È innegabile che parlando di Lecce la narrazione scivoli sul prodotto più famoso dell’arte degli scalpellini e dei “tagliamonti”, ovvero la Basilica di Santa Croce, l’edificio più celebrato del barocco leccese, che si fa riconoscere nel mondo per la sua unicità, per la sua capacità di stupire.
Girovagando per le stradine del centro storico, La Basilica di Santa Croce compare all’improvviso in tutta la sua meravigliosa imponenza, procurando sovente un tuffo nel cuore per la sua imponenza e bellezza. In via Umberto I, la Basilica è circondata da un dedalo di viuzze antiche che scomparendo alla sua destra danno l’accesso alla storica giudecca, l’attuale via Saponea, che ci rimanda ad antichi mestieri e misteri.

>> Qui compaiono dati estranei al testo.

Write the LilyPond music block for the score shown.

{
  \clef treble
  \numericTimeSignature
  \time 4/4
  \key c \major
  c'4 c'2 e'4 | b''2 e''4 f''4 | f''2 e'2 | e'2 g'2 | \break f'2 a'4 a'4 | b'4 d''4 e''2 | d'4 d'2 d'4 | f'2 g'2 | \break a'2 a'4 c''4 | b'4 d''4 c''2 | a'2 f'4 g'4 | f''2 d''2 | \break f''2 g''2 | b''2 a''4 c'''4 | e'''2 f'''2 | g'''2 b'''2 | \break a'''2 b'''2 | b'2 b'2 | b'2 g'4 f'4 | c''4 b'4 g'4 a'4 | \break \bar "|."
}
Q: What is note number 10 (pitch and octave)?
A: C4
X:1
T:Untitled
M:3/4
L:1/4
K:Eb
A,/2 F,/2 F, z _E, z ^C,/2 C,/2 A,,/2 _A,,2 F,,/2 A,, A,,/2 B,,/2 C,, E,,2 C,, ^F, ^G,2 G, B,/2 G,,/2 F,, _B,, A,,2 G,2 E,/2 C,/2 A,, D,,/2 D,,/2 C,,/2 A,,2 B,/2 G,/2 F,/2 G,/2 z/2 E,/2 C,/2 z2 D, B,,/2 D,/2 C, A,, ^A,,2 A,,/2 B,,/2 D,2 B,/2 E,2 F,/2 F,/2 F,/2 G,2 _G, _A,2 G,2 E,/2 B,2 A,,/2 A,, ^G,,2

In ogni caso, Santa Croce è la costruzione barocca più ricca di simboli sacri del capoluogo salentino. Nata su sollecitazione dei padri Celestini nel 1549, vede però la sua data di apertura al pubblico solo nel 1695. L’intero progetto è dell’architetto Gabriele Riccardi, che realizza lo scheletro dell’intera chiesa, riuscendo però a costruire solo la parte inferiore della struttura.
La Basilica trova il suo giustificato trionfo prima per la Controriforma e poi per la battaglia di Lepanto del 1571, quando l’occidente cristiano della Lega Santa sbarra definitivamente il passo per mare alle intraprendenze e alle mire espansionistiche dei turchi.
Le proporzioni nella pianta strutturale della Basilica riproducono il biblico Tempio di Salomone. Sulla porta maggiore è infatti inciso in latino il versetto biblico Macc. I 4,57 “Ornarono la facciata del tempio con corone d’oro e scudi, inaugurarono le Porte e vi misero i battenti”.
All’interno sui capitelli troviamo scolpito Melchisedek, sacerdote del Tempio, e la regina di Saba e Salomone stesso. La struttura della Basilica si articola sostanzialmente in tre parti come tre sono gli architetti che si sono avvicendati nel tempo per la sua costruzione: Gabriele Riccardi che realizzò la parte inferiore e le sei colonne con suggestivi capitelli zoomorfi; Francesco Antonio Zimbalo che costruì i tre portali centrali, soffermandosi su quello maggiore, caratterizzato dagli stemmi e dai blasoni degli altolocati del tempo, come Filippo III di Spagna, Gualtiero VI di Brienne duca di Lecce e Maria d’Einghien, sepolta nella stessa basilica. L’ultima parte della chiesa, quella superiore è di Cesare Penna, che realizza la balconata sostenuta da uomini e animali in pietra, chiara allusione alla battaglia di Lepanto.
Ritornando sulla ricchezza di simboli di questa Basilica, il Rosone, meravigliosa attrattiva centrale, si presenta come elemento fondante di tutta l’economia della facciata, come quella dei fedeli innestati “in Cristo”.
Scontata la circostanza per la quale il Rosone è elemento ricorrente e immancabile di quasi tutte le chiese, nello specifico della Basilica di Santa Croce esso illustra chiaramente il suo significato ultimo e fisso. In particolare, la circonferenza rappresenta la Chiesa e la cristianità e il punto centrale da cui si dipartono raggi multipli di tre, il Maestro, il Cristo. In altra prospettiva, tutti i raggi che danno luogo alla circonferenza sono innestati in Cristo, il Signore, la luce, o che dir si vogli, il sole dei cristiani.
È da notare che nel primo cerchio del Rosone, vi sono 12 angioletti, che rappresentano i 12 apostoli, ma anche le 12 tribù di Israele, il cui fulcro è rispettivamente Gesù il Cristo e Mosè. E qui per un approfondimento dei significati bisogna rimandare ai Vangeli nell’episodio della Trasfigurazione di Gesù. Al di là di ciò, nella seconda circonferenza del Rosone, invece gli angioletti sono 24. A tal riguardo, va da sé che 24 sia il doppio di 12, ma allo stato attuale delle indagini e delle ricerche, non v’è una visione unanime condivisa.
Altra circostanza importante è che la facciata della Basilica riproduce l’umanità in due categorie, dove in basso vi si trova l’inferno, pagano e scomposto, permanentemente proteso alla guerra. Staccata dalla balaustra, il Paradiso nella parte superiore della facciata. E proprio qui che è stato collocato il Rosone, cioè in quell’area dove vi sono i “Salvati” per mezzo del Battesimo, quelli “iscritti nel Libro della Vita”.